▶ _TASK INSTRUCTIONS_
Beginning with the line below that contains "Herma Etiket HERMA" and ending with the line that contains "COFANETTO PORTAGIOIE MARMO", copy every line exactly. Copy nothing else.

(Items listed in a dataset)
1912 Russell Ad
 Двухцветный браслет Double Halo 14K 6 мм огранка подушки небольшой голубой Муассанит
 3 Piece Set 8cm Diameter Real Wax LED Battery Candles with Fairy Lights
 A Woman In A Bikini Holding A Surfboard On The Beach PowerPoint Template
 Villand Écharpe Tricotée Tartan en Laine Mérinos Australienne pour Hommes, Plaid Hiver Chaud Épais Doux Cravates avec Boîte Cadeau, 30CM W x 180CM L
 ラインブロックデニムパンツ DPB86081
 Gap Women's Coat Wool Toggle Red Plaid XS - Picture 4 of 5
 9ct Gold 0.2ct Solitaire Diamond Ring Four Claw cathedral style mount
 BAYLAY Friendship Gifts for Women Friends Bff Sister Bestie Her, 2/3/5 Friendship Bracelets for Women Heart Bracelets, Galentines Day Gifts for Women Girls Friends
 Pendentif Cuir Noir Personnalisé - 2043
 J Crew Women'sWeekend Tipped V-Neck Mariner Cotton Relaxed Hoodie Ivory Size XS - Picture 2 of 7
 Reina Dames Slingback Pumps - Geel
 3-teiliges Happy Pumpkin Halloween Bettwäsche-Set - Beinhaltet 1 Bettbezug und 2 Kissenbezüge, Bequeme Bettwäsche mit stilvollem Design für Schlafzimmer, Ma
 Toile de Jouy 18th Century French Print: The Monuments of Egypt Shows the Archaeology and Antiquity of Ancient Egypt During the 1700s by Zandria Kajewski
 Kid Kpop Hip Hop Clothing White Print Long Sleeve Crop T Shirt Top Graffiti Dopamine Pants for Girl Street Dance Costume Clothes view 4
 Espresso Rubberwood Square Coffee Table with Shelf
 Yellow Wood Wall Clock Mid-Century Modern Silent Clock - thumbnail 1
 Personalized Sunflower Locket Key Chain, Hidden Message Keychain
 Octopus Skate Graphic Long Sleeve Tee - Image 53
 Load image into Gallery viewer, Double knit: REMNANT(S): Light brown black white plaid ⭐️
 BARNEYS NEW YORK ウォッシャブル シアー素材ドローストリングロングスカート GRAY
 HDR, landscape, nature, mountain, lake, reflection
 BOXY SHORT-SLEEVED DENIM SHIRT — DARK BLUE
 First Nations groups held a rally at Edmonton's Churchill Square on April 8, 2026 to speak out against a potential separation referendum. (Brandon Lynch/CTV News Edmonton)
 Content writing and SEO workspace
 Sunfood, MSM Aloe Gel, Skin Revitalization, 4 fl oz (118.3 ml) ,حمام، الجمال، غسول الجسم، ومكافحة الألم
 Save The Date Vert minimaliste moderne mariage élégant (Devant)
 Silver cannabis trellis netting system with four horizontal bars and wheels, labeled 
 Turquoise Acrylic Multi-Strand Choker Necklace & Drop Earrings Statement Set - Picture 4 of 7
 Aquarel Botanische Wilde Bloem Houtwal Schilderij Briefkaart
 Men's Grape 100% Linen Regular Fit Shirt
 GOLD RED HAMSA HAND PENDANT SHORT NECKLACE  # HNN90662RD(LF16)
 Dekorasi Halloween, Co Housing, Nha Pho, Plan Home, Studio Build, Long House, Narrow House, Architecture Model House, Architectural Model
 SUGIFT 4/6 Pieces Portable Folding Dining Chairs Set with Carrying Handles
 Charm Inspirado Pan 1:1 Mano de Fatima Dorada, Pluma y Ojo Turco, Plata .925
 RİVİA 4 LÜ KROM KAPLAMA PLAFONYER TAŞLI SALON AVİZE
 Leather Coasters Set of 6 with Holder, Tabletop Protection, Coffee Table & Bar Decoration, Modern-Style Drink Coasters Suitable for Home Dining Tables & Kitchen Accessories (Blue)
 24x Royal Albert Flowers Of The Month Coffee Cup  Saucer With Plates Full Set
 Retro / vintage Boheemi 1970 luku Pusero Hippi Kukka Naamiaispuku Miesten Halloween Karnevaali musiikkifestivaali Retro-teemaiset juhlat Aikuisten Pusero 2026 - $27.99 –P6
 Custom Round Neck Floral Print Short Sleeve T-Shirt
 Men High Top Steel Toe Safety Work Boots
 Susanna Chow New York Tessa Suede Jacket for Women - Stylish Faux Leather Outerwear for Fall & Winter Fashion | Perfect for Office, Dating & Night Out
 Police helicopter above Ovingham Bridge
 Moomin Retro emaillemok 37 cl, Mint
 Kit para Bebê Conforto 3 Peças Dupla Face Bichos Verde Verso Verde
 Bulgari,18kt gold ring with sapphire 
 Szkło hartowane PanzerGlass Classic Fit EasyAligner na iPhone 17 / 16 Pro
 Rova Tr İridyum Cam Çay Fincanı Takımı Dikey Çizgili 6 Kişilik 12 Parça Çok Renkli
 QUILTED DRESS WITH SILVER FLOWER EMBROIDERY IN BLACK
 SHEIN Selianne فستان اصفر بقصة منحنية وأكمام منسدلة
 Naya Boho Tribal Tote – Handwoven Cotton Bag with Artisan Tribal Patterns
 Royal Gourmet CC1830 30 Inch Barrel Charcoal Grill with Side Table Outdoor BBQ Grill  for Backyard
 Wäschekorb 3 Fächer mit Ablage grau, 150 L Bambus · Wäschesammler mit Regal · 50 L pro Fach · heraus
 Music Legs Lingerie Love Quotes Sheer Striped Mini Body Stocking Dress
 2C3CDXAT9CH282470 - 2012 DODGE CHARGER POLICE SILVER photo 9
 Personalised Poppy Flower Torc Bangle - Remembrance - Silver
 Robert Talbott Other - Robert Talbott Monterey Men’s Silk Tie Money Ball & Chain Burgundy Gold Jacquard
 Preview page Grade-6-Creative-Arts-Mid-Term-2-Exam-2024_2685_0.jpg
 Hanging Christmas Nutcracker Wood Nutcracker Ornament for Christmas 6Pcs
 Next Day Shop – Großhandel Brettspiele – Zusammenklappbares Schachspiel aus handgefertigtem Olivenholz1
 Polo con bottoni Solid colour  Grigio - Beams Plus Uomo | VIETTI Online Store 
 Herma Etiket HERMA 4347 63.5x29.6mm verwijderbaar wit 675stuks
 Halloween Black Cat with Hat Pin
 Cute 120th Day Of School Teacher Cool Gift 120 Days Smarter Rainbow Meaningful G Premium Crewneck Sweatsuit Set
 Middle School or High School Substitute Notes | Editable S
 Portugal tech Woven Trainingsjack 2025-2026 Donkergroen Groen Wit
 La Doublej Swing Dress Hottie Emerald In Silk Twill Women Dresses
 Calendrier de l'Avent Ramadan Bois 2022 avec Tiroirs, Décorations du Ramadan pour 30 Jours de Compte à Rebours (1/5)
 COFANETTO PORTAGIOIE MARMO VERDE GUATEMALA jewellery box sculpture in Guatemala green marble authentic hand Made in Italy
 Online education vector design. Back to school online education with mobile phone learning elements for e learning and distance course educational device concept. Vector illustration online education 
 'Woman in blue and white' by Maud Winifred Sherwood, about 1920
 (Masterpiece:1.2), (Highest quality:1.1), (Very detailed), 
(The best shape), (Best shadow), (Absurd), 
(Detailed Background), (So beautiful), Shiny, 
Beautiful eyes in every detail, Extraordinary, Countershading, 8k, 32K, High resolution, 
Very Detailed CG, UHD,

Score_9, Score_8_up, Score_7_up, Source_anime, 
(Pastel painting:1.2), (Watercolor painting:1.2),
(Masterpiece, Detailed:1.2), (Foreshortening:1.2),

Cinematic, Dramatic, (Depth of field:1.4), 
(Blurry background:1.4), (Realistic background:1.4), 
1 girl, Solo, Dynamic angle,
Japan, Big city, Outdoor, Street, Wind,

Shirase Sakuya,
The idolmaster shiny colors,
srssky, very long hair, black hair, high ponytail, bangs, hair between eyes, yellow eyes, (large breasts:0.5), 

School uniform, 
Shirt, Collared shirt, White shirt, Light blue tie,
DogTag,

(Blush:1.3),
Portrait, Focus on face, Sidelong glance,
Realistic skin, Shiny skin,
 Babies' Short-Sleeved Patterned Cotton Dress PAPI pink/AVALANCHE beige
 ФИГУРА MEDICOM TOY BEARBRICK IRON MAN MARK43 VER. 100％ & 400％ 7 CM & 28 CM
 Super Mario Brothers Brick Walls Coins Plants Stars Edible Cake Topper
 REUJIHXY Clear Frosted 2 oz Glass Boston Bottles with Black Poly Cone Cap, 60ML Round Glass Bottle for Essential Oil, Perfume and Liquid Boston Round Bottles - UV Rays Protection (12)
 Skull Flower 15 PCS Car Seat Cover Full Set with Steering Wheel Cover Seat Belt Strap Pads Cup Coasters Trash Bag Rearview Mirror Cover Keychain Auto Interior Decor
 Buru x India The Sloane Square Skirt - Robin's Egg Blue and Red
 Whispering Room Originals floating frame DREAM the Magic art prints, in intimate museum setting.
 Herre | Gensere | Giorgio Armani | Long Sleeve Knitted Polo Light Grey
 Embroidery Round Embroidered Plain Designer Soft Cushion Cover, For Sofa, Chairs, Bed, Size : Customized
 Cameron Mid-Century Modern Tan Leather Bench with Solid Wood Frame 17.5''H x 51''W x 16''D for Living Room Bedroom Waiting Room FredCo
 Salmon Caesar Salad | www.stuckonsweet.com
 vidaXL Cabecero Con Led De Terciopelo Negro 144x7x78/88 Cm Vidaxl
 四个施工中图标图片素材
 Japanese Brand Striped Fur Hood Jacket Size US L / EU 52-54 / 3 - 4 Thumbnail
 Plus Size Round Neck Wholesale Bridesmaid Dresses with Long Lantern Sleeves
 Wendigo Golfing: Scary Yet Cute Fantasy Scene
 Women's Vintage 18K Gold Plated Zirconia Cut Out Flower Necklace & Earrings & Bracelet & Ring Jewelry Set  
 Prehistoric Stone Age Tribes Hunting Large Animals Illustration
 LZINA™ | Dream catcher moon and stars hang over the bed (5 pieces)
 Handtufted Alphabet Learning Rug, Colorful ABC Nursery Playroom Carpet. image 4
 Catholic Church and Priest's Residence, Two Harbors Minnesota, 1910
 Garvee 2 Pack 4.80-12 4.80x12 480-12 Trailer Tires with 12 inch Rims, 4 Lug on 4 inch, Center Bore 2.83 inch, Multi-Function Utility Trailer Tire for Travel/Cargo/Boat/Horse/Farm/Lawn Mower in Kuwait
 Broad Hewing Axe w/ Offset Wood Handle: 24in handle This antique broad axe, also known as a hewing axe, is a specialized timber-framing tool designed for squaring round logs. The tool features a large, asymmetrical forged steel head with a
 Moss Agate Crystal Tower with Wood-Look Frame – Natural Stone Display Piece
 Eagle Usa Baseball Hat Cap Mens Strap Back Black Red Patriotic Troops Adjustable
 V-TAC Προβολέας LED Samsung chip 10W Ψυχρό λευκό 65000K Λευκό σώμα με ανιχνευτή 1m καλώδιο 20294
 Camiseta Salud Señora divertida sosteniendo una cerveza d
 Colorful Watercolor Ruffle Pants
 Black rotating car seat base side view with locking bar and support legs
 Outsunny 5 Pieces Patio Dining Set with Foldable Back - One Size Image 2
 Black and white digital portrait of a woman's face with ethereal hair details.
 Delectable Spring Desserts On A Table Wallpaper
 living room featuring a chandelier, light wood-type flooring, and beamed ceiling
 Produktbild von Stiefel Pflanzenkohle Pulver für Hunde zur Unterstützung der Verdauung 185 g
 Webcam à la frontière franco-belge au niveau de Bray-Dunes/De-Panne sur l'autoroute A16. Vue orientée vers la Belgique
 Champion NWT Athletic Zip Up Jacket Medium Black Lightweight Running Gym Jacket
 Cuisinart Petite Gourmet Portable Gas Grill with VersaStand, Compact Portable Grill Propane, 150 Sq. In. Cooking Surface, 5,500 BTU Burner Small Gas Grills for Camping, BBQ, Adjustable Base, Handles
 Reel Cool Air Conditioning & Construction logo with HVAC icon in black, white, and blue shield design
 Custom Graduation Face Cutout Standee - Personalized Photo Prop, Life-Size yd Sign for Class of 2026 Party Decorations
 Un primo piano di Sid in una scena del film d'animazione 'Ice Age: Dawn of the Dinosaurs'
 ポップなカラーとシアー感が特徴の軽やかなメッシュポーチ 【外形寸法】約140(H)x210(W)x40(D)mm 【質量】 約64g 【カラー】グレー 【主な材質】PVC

▶ _RESULT_
 Herma Etiket HERMA 4347 63.5x29.6mm verwijderbaar wit 675stuks
 Halloween Black Cat with Hat Pin
 Cute 120th Day Of School Teacher Cool Gift 120 Days Smarter Rainbow Meaningful G Premium Crewneck Sweatsuit Set
 Middle School or High School Substitute Notes | Editable S
 Portugal tech Woven Trainingsjack 2025-2026 Donkergroen Groen Wit
 La Doublej Swing Dress Hottie Emerald In Silk Twill Women Dresses
 Calendrier de l'Avent Ramadan Bois 2022 avec Tiroirs, Décorations du Ramadan pour 30 Jours de Compte à Rebours (1/5)
 COFANETTO PORTAGIOIE MARMO VERDE GUATEMALA jewellery box sculpture in Guatemala green marble authentic hand Made in Italy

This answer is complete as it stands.